» **SUPPLIED RECORDS**
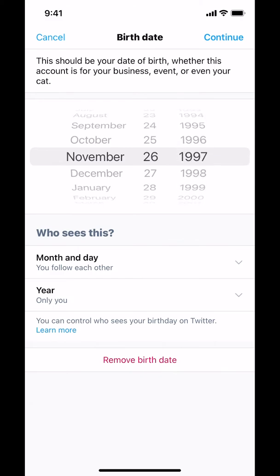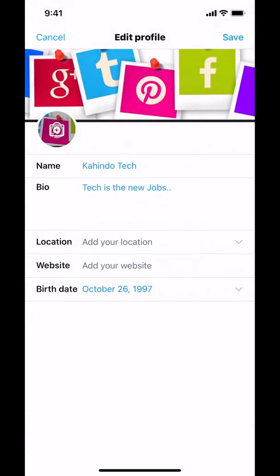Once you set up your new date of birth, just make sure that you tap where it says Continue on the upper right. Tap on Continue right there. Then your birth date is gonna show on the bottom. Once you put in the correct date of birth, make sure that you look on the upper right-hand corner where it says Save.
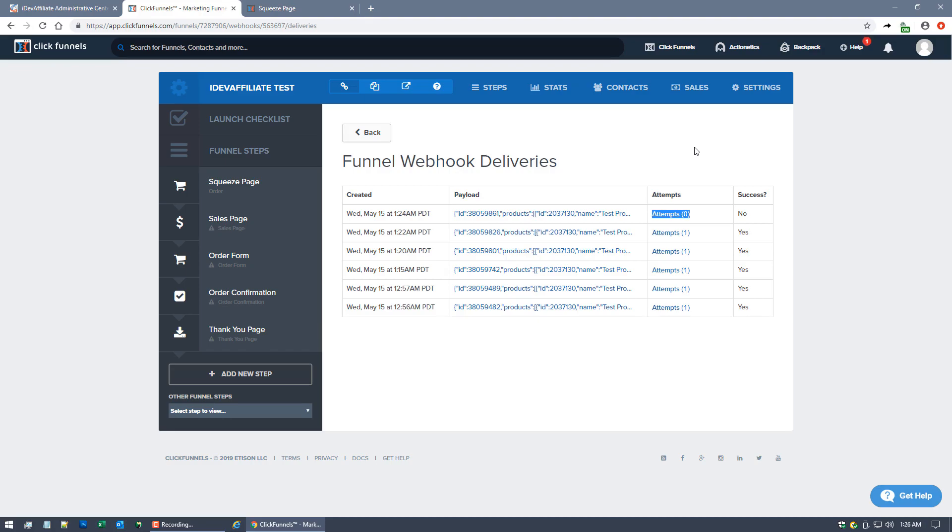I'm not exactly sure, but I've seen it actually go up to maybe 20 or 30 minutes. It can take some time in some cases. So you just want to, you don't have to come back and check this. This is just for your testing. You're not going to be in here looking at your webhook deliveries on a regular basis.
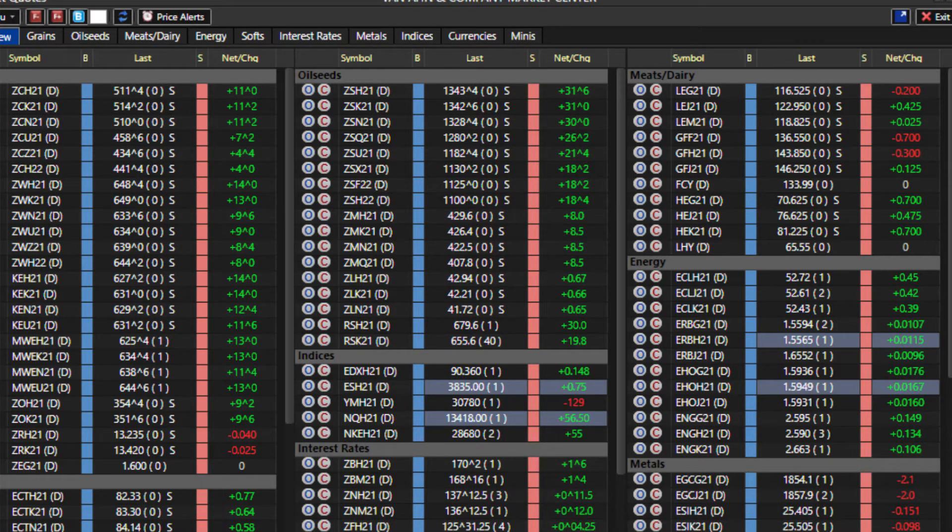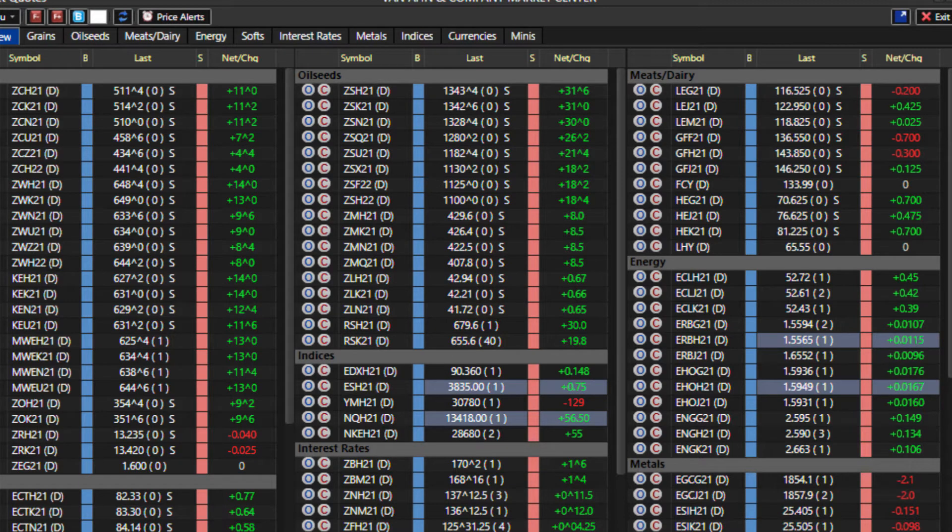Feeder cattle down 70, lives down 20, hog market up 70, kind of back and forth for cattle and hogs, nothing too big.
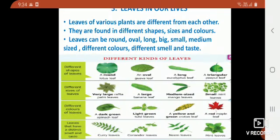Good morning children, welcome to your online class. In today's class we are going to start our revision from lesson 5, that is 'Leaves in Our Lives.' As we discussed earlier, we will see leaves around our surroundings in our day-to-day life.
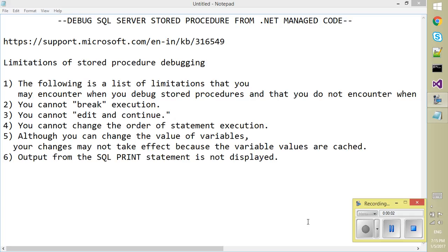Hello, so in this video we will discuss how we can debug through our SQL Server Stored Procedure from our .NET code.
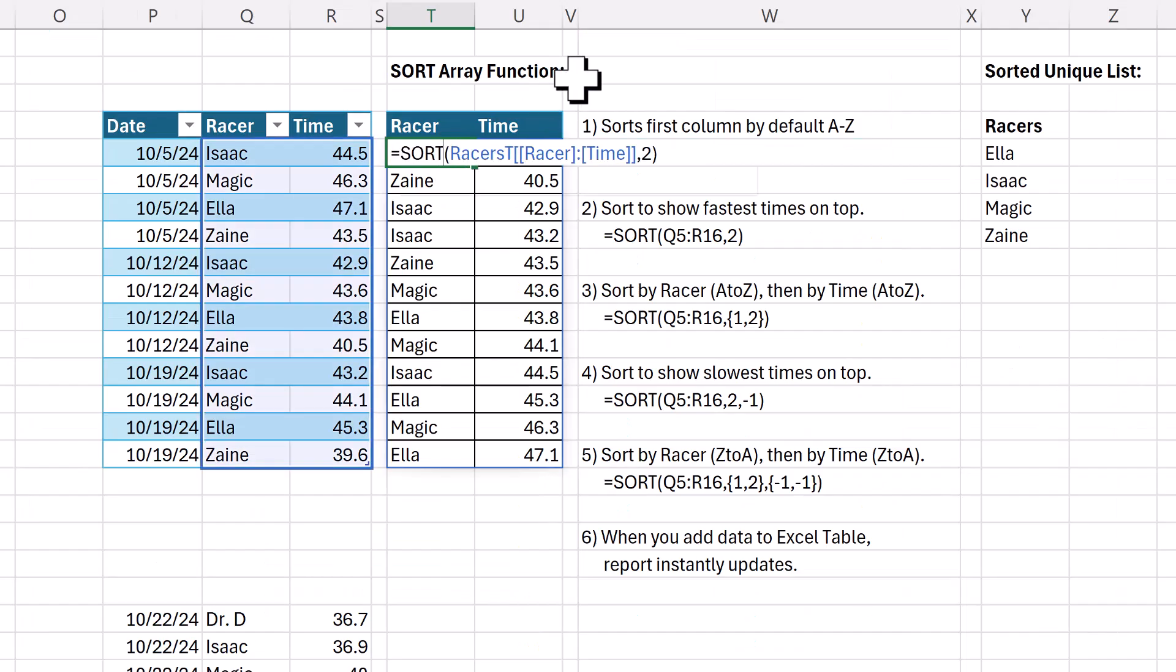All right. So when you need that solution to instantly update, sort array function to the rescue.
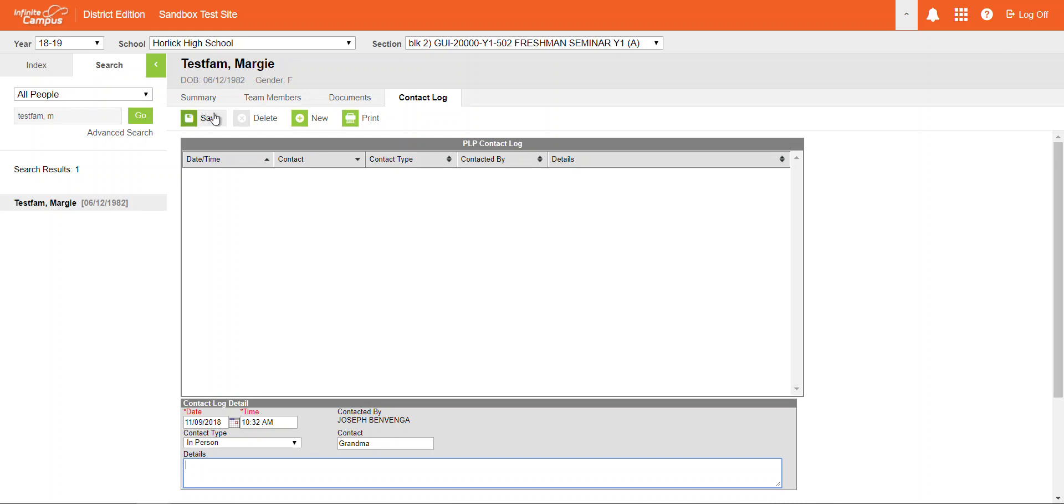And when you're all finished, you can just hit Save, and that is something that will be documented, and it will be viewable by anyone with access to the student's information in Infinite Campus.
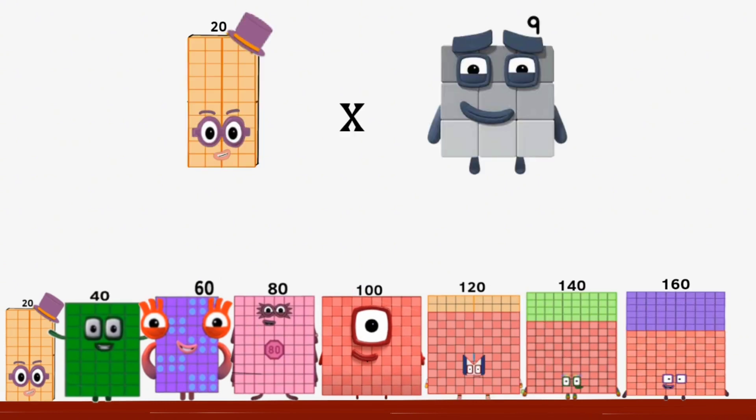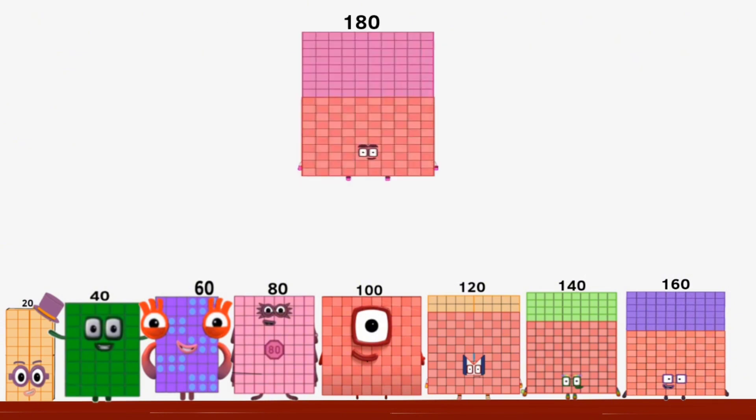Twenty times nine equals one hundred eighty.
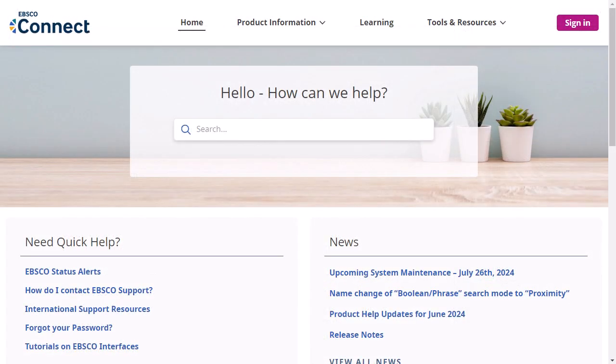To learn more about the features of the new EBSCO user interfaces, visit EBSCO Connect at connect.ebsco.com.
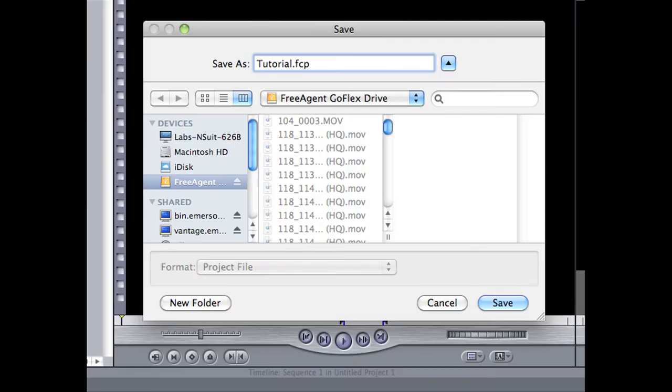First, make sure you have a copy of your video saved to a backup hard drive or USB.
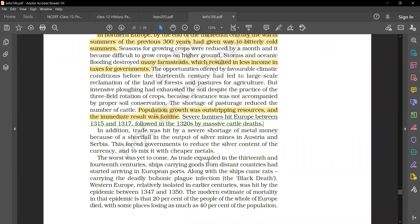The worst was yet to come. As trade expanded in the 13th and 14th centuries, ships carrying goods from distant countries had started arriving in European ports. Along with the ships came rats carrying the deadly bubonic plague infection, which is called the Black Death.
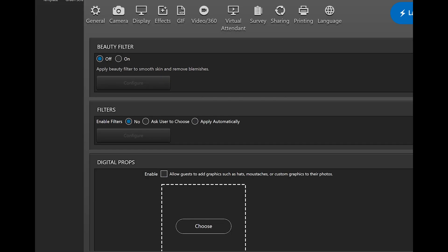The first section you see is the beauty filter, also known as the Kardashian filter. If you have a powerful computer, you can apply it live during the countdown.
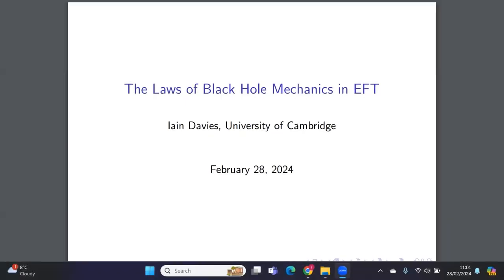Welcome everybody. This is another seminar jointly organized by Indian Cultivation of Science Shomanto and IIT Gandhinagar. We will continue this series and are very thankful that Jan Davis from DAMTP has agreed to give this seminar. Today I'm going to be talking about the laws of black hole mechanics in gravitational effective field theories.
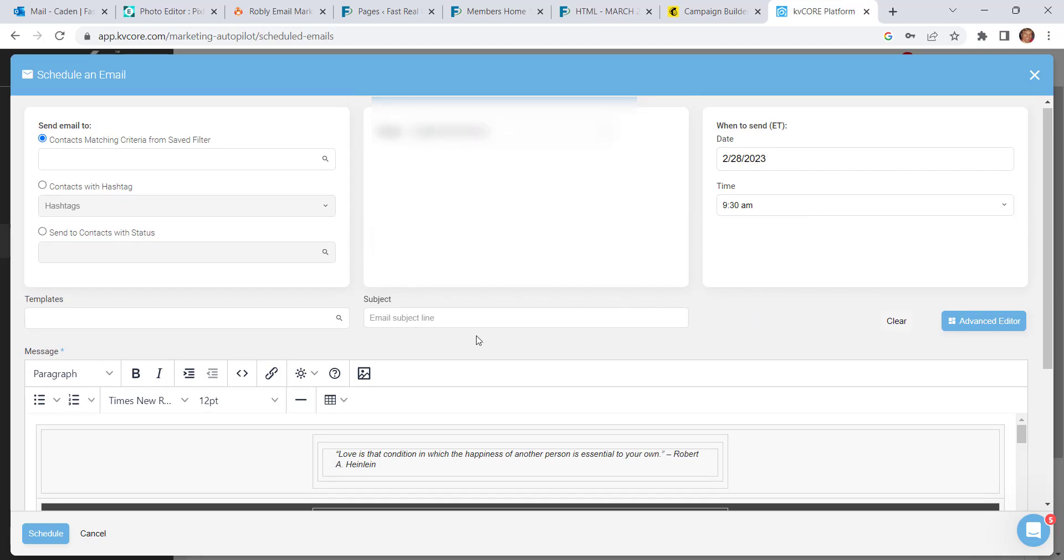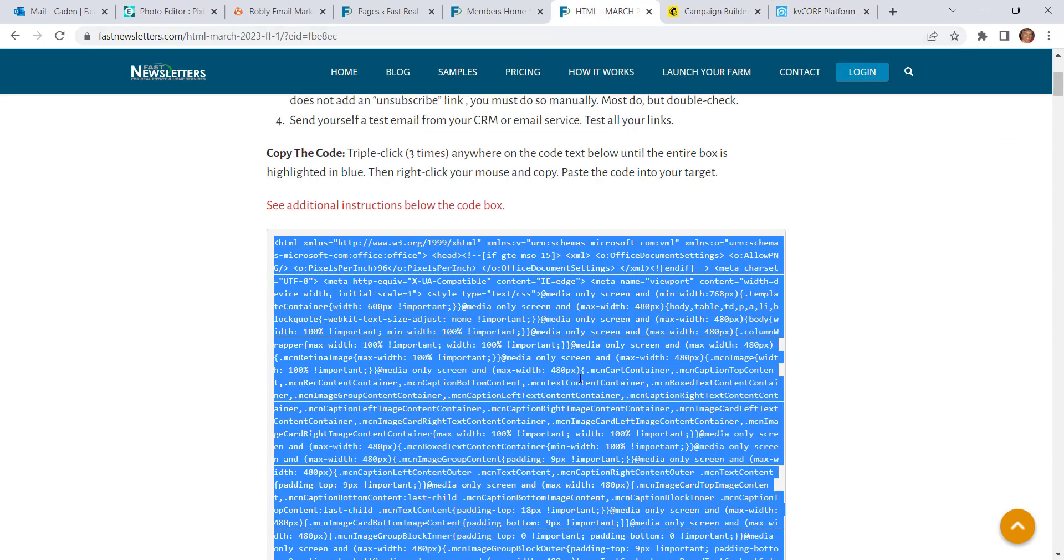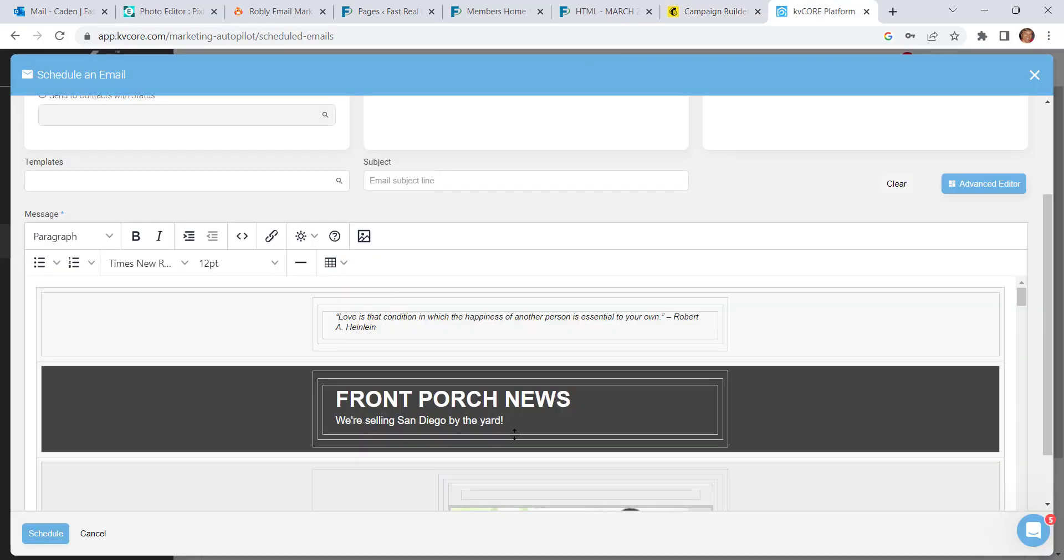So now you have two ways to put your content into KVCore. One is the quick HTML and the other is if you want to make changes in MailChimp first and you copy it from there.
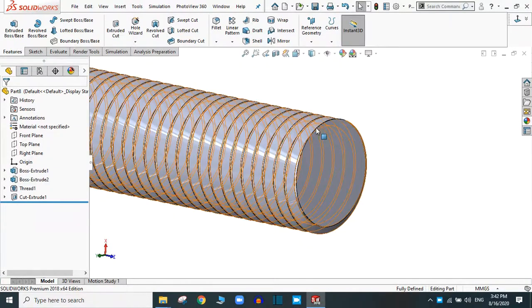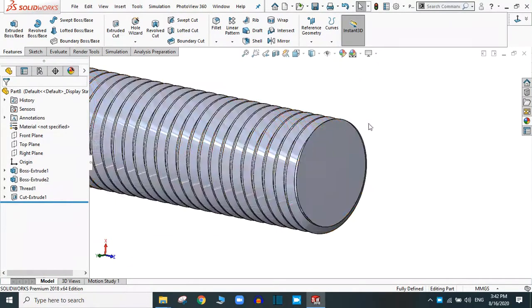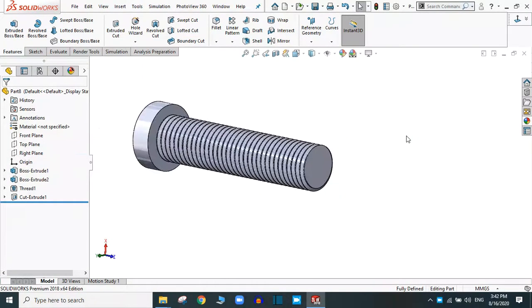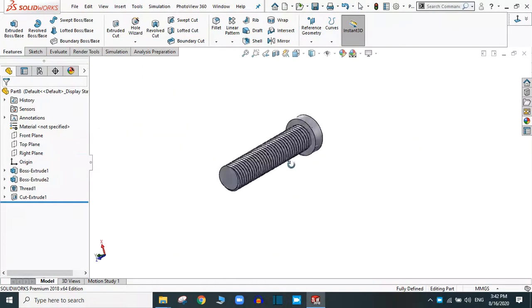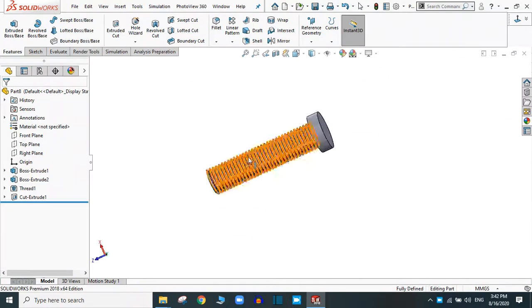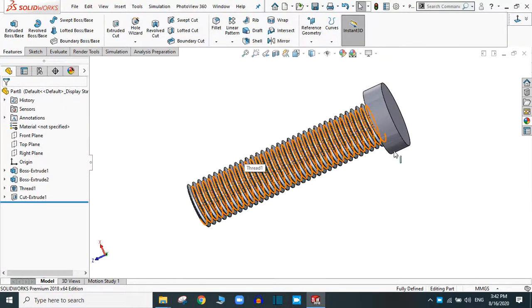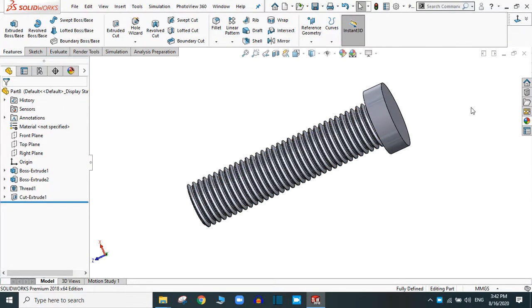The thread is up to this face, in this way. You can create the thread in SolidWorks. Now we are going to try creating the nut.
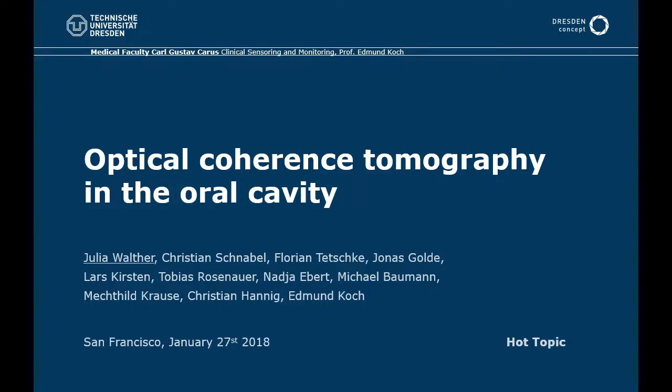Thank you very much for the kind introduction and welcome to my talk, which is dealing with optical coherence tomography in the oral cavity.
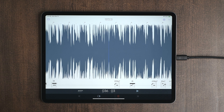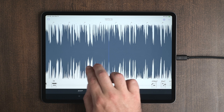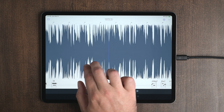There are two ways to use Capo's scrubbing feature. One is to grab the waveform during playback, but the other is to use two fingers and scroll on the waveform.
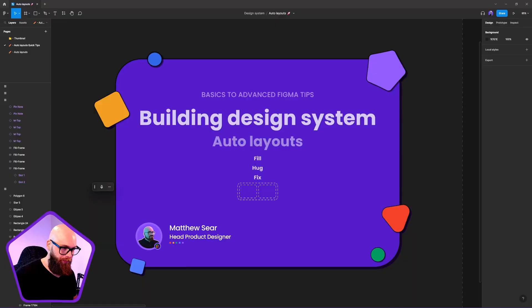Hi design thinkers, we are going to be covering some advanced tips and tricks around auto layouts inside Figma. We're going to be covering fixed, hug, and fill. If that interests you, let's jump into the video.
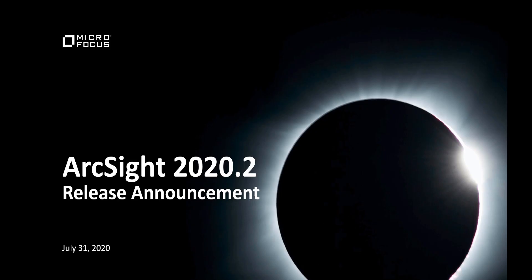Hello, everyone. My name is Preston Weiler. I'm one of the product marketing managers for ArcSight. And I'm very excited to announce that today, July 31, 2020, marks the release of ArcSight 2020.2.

» **TASK OBJECTIVE**
The full material above must be output verbatim, minus any pictures.

» **ANSWER BOX**
Once you set up your new date of birth, just make sure that you tap where it says Continue on the upper right. Tap on Continue right there. Then your birth date is gonna show on the bottom. Once you put in the correct date of birth, make sure that you look on the upper right-hand corner where it says Save.
I'm not exactly sure, but I've seen it actually go up to maybe 20 or 30 minutes. It can take some time in some cases. So you just want to, you don't have to come back and check this. This is just for your testing. You're not going to be in here looking at your webhook deliveries on a regular basis.
Feeder cattle down 70, lives down 20, hog market up 70, kind of back and forth for cattle and hogs, nothing too big.
Good morning children, welcome to your online class. In today's class we are going to start our revision from lesson 5, that is 'Leaves in Our Lives.' As we discussed earlier, we will see leaves around our surroundings in our day-to-day life.
Hello, so in this video we will discuss how we can debug through our SQL Server Stored Procedure from our .NET code.
All right. So when you need that solution to instantly update, sort array function to the rescue.
And when you're all finished, you can just hit Save, and that is something that will be documented, and it will be viewable by anyone with access to the student's information in Infinite Campus.
Twenty times nine equals one hundred eighty.
To learn more about the features of the new EBSCO user interfaces, visit EBSCO Connect at connect.ebsco.com.
First, make sure you have a copy of your video saved to a backup hard drive or USB.
The worst was yet to come. As trade expanded in the 13th and 14th centuries, ships carrying goods from distant countries had started arriving in European ports. Along with the ships came rats carrying the deadly bubonic plague infection, which is called the Black Death.
The first section you see is the beauty filter, also known as the Kardashian filter. If you have a powerful computer, you can apply it live during the countdown.
Welcome everybody. This is another seminar jointly organized by Indian Cultivation of Science Shomanto and IIT Gandhinagar. We will continue this series and are very thankful that Jan Davis from DAMTP has agreed to give this seminar. Today I'm going to be talking about the laws of black hole mechanics in gravitational effective field theories.
So now you have two ways to put your content into KVCore. One is the quick HTML and the other is if you want to make changes in MailChimp first and you copy it from there.
The thread is up to this face, in this way. You can create the thread in SolidWorks. Now we are going to try creating the nut.
Thank you very much for the kind introduction and welcome to my talk, which is dealing with optical coherence tomography in the oral cavity.
There are two ways to use Capo's scrubbing feature. One is to grab the waveform during playback, but the other is to use two fingers and scroll on the waveform.
Hi design thinkers, we are going to be covering some advanced tips and tricks around auto layouts inside Figma. We're going to be covering fixed, hug, and fill. If that interests you, let's jump into the video.
Hello, everyone. My name is Preston Weiler. I'm one of the product marketing managers for ArcSight. And I'm very excited to announce that today, July 31, 2020, marks the release of ArcSight 2020.2.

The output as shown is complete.